First we read an image as raw data. It is a digital photograph from the top of East Dix. This is where my wife suggested we review our life insurance needs.

   image_wh path,'dscn0155.jpg'
2048 1536

   $B=:raw_read_image path,'dscn0155.jpg'
1536 2048 3

We trim away the left and right sides of the image.

   $c=.448}."2] _448}."2 B
1536 1152 3

Now we resize it to fit inside a 768 by 768 window.

   $d=.768 768 resize_image c
768 576 3

Next we write the data with several choices of jpeg quality. Notice the file size gets much smaller as the quality decreases. You should try this with an image of your own.

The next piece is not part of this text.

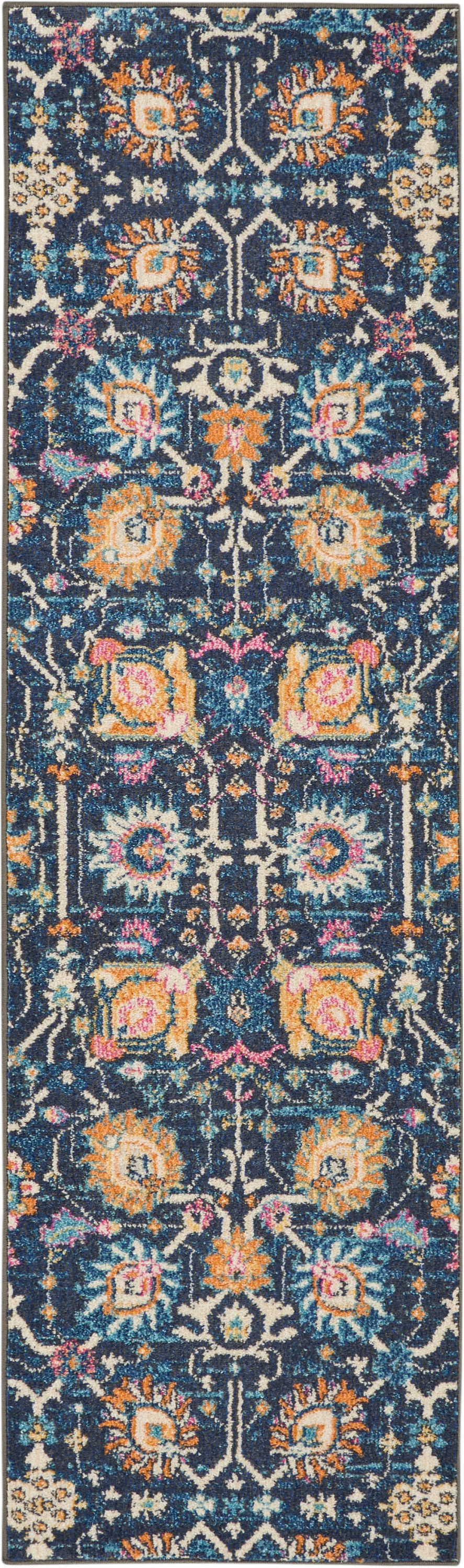 Nourison Passion 8' Runner Navy and Blue Area Rug PSN01 Navy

   95 d write_jpeg path,'edix95.jpg'
199395

   85 d write_jpeg path,'edix85.jpg'
102424

   75 d write_jpeg path,'edix75.jpg'
71205

   50 d write_jpeg path,'edix50.jpg'
44167

   20 d write_jpeg path,'edix20.jpg'
22529

   10 d write_jpeg path,'edix10.jpg'
13410

    5 d write_jpeg path,'edix05.jpg'
9475

In practice, quality 75 is often a good compromise between quality and size for nice quality web images. To maintain high quality without much concern for size, a setting such as 95 might be used. That would be appropriate for archiving images that might be printed someday. Casual viewers are unlikely to notice the difference between quality 75 and quality 95. However, a careful observer will notice the difference. Even a casual viewer would probably find quality 50 noticeably lacking. Lower qualities are humorous, but not usually considered appropriate for storing an image. Figure 3 shows the quality 95 and 5 versions of the image.

  
Figure 3. Images with JPEG Qualtiy 95 and 5

The script image1 contains functions for converting between *.jpeg and *.bmp and between *.png and *.bmp. For example,

   (jq,prog) bmp_to_jpeg 'file.bmp';'file.jpg'

would convert the specified file.bmp into the file.jpg using jpeg quality jq and using prog (0 or 1) to specify whether to use a progressive jpeg format. An inverse, jpeg_to_bmp is also defined as follows.

   jpeg_to_bmp=: 3 : 0
inout=.'bmp'&ch_ext d_fn_ck y.
conv_jpeg_to_bmp inout
fsize {:inout
)

The function 'bmp'&ch_ext changes the extension of a given file to bmp and that function is applied, if needed, by the adverb d_fn_ck which does default filename checking. Thus, if only the input file jpeg name is given, then the output would have the same name with bmp extension. Also notice that the function further calls conv_jpeg_to_bmp which is the conversion function that directly calls a dll.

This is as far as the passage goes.